Kemudian muncul lagi surat elektronik (e-mail), orang bahkan bisa berkirim foto atau gambar dengan mudah dan cepat. Kini muncul lagi teknologi informasi yang lebih dahsyat yaitu telepon genggam (handphone) yang dilengkapi dengan kemampuan mengirim pesan pendek (short message service/SMS) maupun gambar (multimedia message service/MMS), dan lain-lain. Perangkat teknologi ini membuat kalangan baik anak-anak, remaja, dan orang tua tertarik akan keberadaan produk ini di samping mengoperasikannya karena mudah dan fleksibel dibawa ke mana-mana.
Ternyata hidup di zaman era modernisasi zaman komputer dan alam pembangunan tinggal landas gampang-gampang susah. Arus globalisasi lambat laun mempengaruhi dan mengubah pola hidup, sikap serta mental masyarakat. Adanya perkembangan pembangunan yang pesat, ekonomi bisnis yang melaju tanpa kendali kian menyita perhatian masyarakat. Masing-masing saling berebut untuk tetap bertahan hidup seirama alur zaman. Tak jarang sikap individualisme semakin mendominasi kehidupan masyarakat di era modernisasi saat ini.
Gerakan literasi yang tengah booming di Indonesia pertanda baik bagi masa depan kualitas anak Indonesia di berbagai pelosok beranda negeri. Gerakan literasi tak sekadar digaungkan lembaga pendidikan mulai dari sekolah dasar hingga perguruan tinggi. Berbagai pihak juga tak henti-hentinya menggelorakan semangat literasi dengan menghadirkan berbagai komunitas kecil berupa perpustakaan atau taman baca hingga di kampung-kampung.
Tujuannya sangat mulia yaitu mendongkrak minat dan menumbuhkan budaya membaca. Pemerintah dengan berbagai perpustakaan daerah hingga perpustakaan keliling berupaya meningkatkan melek huruf masyarakat dan menyediakan sumber ilmu pengetahuan bagi masyarakat. Sejumlah pihak giat membuka taman baca banyak mendongkrak budaya membaca di tengah masyarakat. Namun pertanyaan retoris, mengapa membaca belum jadi budaya sebagian masyarakat di tengah kemajuan dan kemudahan teknologi?
Mari kita belajar sepak terjang Kartini dalam kegemaran membaca buku dan menulis artikel. Kartini tempo doeloe sudah menjadikan membaca dan menulis sebagai habitus baru bagi kita semua. Kartini menjadikan dirinya berwawasan luas dan gigih memperjuangkan persamaan wanita, mendobrak kebodohan dan ketidakadilan sistemik kala itu, khususnya dalam dunia pendidikan.

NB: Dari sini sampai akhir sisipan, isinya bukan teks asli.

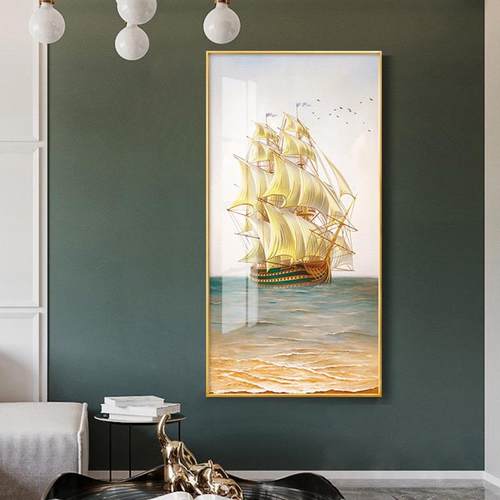 一帆风顺玄关过道装饰画办公室入户进门现代简约走廊竖版帆船壁画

Kini, wanita sudah sejajar dengan pria dalam banyak aspek terutama pekerjaan, pendidikan, dan bidang lainnya. Banyak wanita sukses menjadi pengusaha, guru, dosen, TNI-Polri bahkan presiden. Tentu sukses itu bukan diraih secara instan tetapi diperlukan semangat belajar dan rajin membaca buku guna mewujudkan cita-cita.
Mari, budayakan membaca dan menulis! Dengan membaca dan menulis wawasan menjadi luas dan daya pikir serta analisa terasah melalui karya tulis kita. Selamat Hari Kartini 2024. Terima kasih, RA Kartini. Salam Literasi!